--- Records to process ---

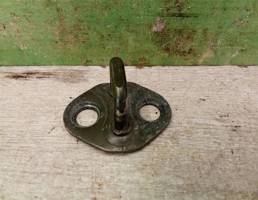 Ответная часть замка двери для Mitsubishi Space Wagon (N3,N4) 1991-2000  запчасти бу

---
--- Records to process ---

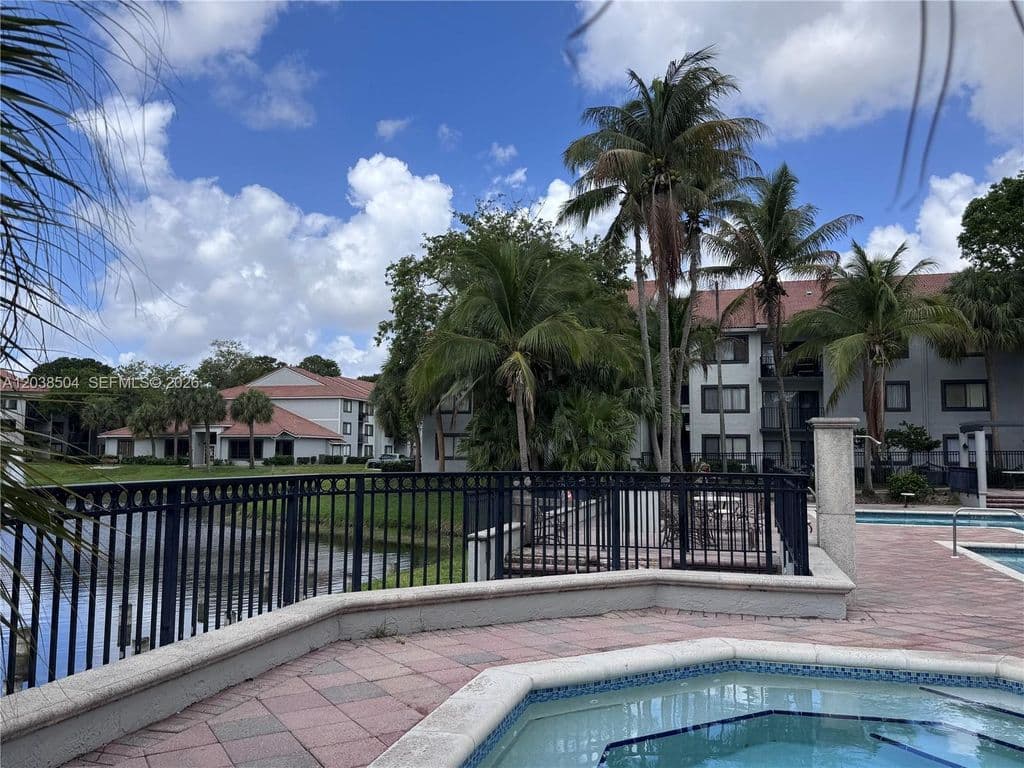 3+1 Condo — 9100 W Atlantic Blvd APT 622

---
--- Records to process ---

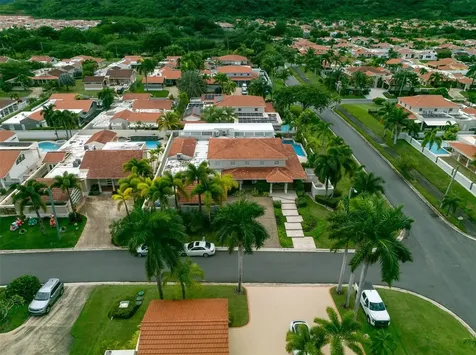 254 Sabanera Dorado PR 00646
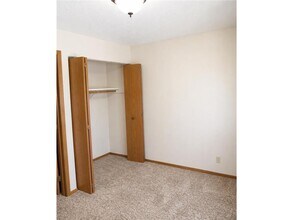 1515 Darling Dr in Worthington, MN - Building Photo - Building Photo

---

▶ [What the exercise asks]
Please output, exactly as written, the lines above from the one holding "254 Sabanera Dorado PR 00646" through the one holding "1515 Darling Dr", both included, with the pictures omitted.

▶ [Completed exercise]
 254 Sabanera Dorado PR 00646
 1515 Darling Dr in Worthington, MN - Building Photo - Building Photo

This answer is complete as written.